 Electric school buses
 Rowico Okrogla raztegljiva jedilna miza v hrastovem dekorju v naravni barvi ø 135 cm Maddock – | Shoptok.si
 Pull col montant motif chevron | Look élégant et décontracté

==

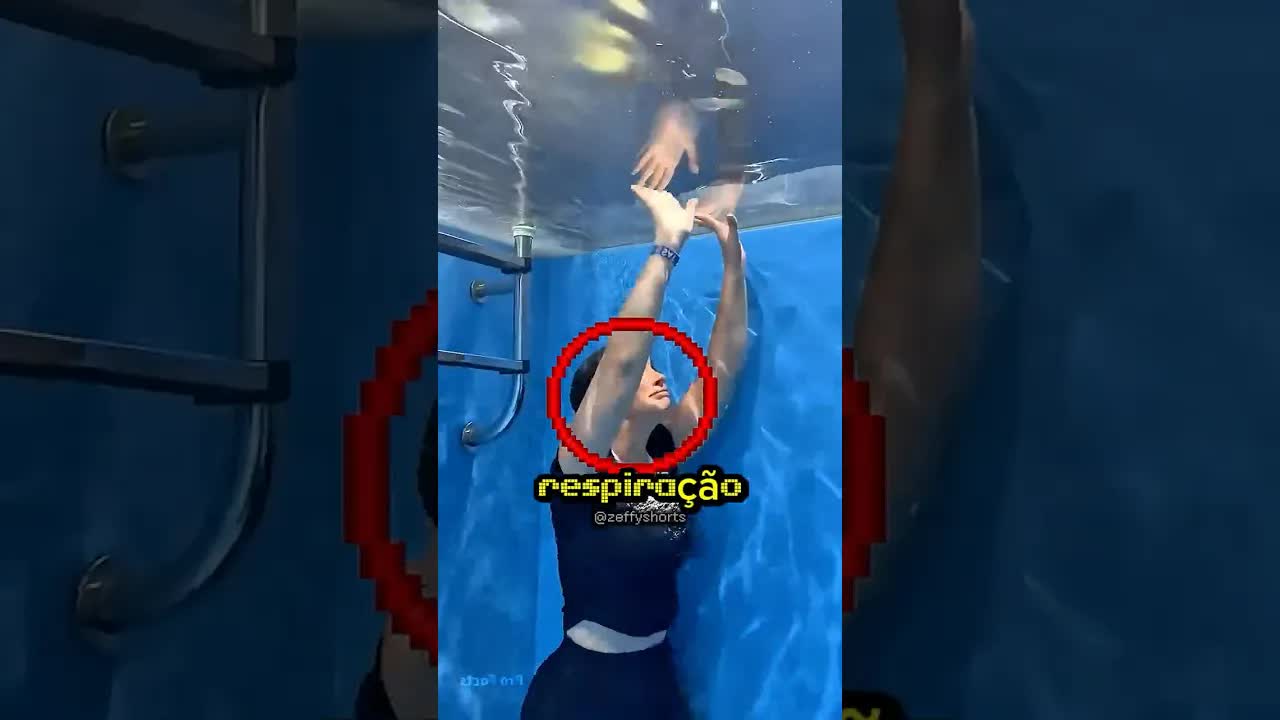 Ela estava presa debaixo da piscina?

Your assignment. Copy only this part of the entries above: the line with "Electric school buses", the line with "Pull col montant", and the lines between, all exactly as written.

Exercise result.
 Electric school buses
 Rowico Okrogla raztegljiva jedilna miza v hrastovem dekorju v naravni barvi ø 135 cm Maddock – | Shoptok.si
 Pull col montant motif chevron | Look élégant et décontracté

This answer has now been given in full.